The challenges facing patients in multilingual and multicultural countries are different languages and cultures that can lead to life-threatening communication gaps, a bioethics expert said Thursday.
“Good communication is of paramount importance in healthcare delivery because patients need to ask questions and seek assistance,” said Professor Vera Lucia Raposo of the University of Macau. “Patients also need to respect the cautions and limitations advised by the medical team as well as understand how the healthcare system operates and which services are available.”
Raposo made these and other points in the 18th Asia Bioethics Conference on “Future of Bioethics & Healthcare” held in Severance Hospital Avison Biomedical Research Center, Seoul.
She noted that hospitals should provide patients with audio records or written documentation in the patient’s primary language while using reliable software applications that can operate without failure while in a specified environment over a set duration of time.
There are risks of too literal -- and sometimes insignificant -- translations that can render useless information, causing the lack of interpersonal contact in the relationship between doctors and patients, Raposo added.
|Professor Vera Lucia Raposo of the University of Macau delivers a speech at “18th Asia Bioethics Conference” Thursday, emphasizing the need to solve language and culture paradoxes for patients living in multilingual and multicultural countries.|
“Hospitals can train healthcare staff to operate as translators, keep a permanent interpreter in hospitals, or resort to external translators who can be called in whenever necessary,” the professor said. “However, this may be difficult to implement, especially in hospitals that receive patients from many different nationalities and external translators may take a while to respond, making an unfeasible solution for emergency treatments.”
Translators are not bound to medical secrecy as a professional duty; she went on to say. “It is necessary to bind those using contractual clauses,” Raposo noted.
The most frequent solution in hospitals worldwide is using family members as translators. Although families have the lack of preparation to translate, the family can modify bad news to their loved ones, she said.
Different cultures can also be another communication gap. For example, issues related to nudity and sex is different between Western and Asian cultures when consulting with physicians. Special rituals in funerals can also disrupt patients in hospitals who have different cultures.
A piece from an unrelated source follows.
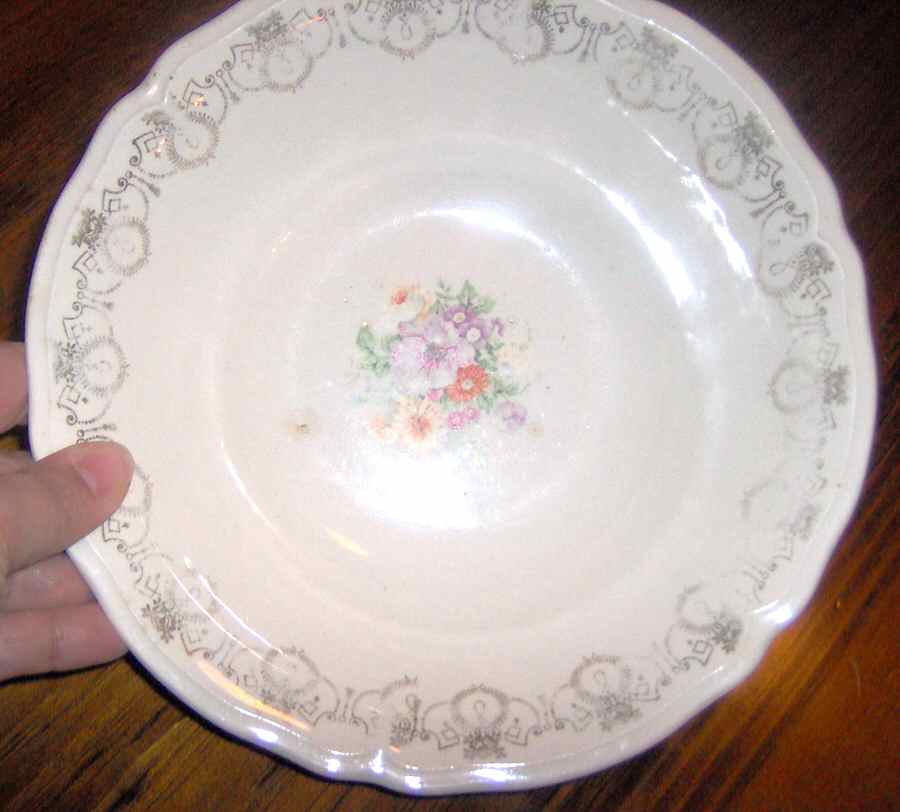 KNO984 Saucer by Edwin Knowles-1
Raposo described her experiences living as a foreigner in Macau as an example. The Special Administrative Region of Macau is part of the People’s Republic of China but maintains the constitutional principle “one country, two systems, formulated by the late paramount leader Deng Xiaoping. Although Macau has two official legal languages—Mandarin and Portuguese—they are now hardly spoken, as most citizens use English or Cantonese.
“Because of this language paradox, public hospitals in Macau have language issues,” the professor said. “Each consent form they provide has three different languages, but oral communication is awkward because each party does not share a common language, making crucial information lost in different translations.”
Parties who volunteer to communicate in a given language do not mean that they have the necessary proficiency in that language, Raposo said. “We must try to be more creative in solving these issues that are happening in multilingual and multicultural countries,” she added.